I was taking currently in a elementary calculus course where i found how to find arc lengths of a smooth continuous curve.
so here is how i started :
$$\frac{x^2}{a^2}+\frac{y^2}{b^2}=1\Rightarrow y=\pm \frac{b}{a}\sqrt{a^2-x^2}$$By applying the formula of the arc length of a function, we get:$$L=4\int_0^a\sqrt{1+\frac{b^2x^2}{a^2(a^2-x^2)}}dx=4\int_0^a\sqrt{\frac{a^4+(b^2-a^2)x^2}{a^2(a^2-x^2)}}dx$$Now I made a little subsitution recalling trigonometry: $$x=a\sin(u)\\dx=a\cos(u)du$$So the Integral now can be expressed as:$$L=4\int_0^{\frac{\pi}{2}}a\cos(u)\sqrt{\frac{a^4+(b^2-a^2)a^2\sin^2(u)}{a^2(a^2-a^2\sin^2(u))}}du=\\4\int_0^{\frac{\pi}{2}}a\cos(u)\sqrt{\frac{a^4+(b^2-a^2)a^2\sin^2(u)}{a^2(a^2\cos^2(u)+a^2\sin^2(u)-a^2\sin^2(u))}}du=\\4\int_0^{\frac{\pi}{2}}\sqrt{a^2+(b^2-a^2)\sin^2(u)}du$$So we have:$$L=4a\int_0^{\frac{\pi}{2}}\sqrt{1+\frac{(b^2-a^2)}{a^2}\sin^2(u)}du$$ Letting $m=\frac{(b^2-a^2)}{a^2}$ we finally get:$$L=4a\int_0^{\frac{\pi}{2}}\sqrt{1+m\sin^2(u)}du$$
BUT
later i found these type of integrals are known as elliptic integrals and can not be given in terms of elementary functions.

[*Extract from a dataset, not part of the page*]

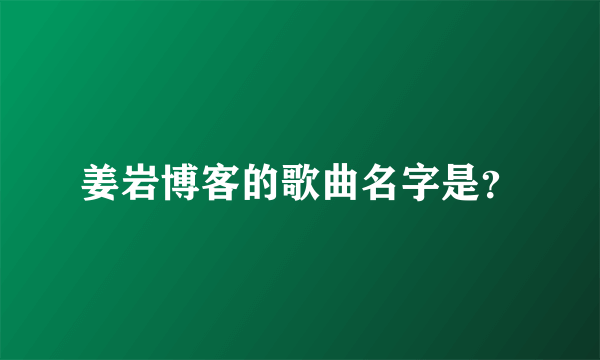 姜岩博客的歌曲名字是？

say elliptic integral of another type $$u( k)=\int_{0}^{\frac{\pi}{2}} \frac{1}{\sqrt{1-k^2\sin(\theta)}} \, d\theta $$
expanding by binomial theorem or mclaurian expansion will lead to :
$$u(k)=\frac{\pi}{2}\Biggl[{1+\Biggl(\frac{1}{2}\Biggl)^2k^2+\Biggl(\frac{1.3}{2.4}\Biggl)^2k^4+\Biggl(\frac{1.3.5}{2.4.6}\Biggl)^2k^6+....}\Biggl]$$
Now
I am very much interested
in finding the values of these series rather than the arc length of ellipse.
I just found on wikipedia where AGM method is used as : $$u(k)=\frac{\pi}{2M(1,\sqrt{1-k^2})}$$
But
At first glance
it is easy to see the following as a hypergeometric series : i.e. $$_2F_1\bigg[\frac{1}{2},\frac{1}{2};1;k^2\bigg]=\frac{1}{2}u(k)$$
$$LHS=\sum_{n=0}^{\infty}\frac{\bigg[(\frac{1}{2})_n\bigg]^2 k^{2n}}{(1)_n n!}$$ where $(a)_n=\frac{\Gamma_{a+n}}{\Gamma_a}$ simplify a bit $$=\frac{1}{\pi}\sum_{n=0}^{\infty} \bigg(\frac{\Gamma_{\frac{1}{2}+n}}{n!}\bigg)^2 k^{2n}$$
But i really do not know how the values of hypergeometric series are evaluated.I have seen(of course in a basic way) some special cases of $_3F_2$ and $_7F_6$ but do not know what to do with those generated by ellptic integral.
Being unexperienced i will admire any suggestion from anyone.
please tell me how these elliptic integrals and hypergeometric series are evaluated.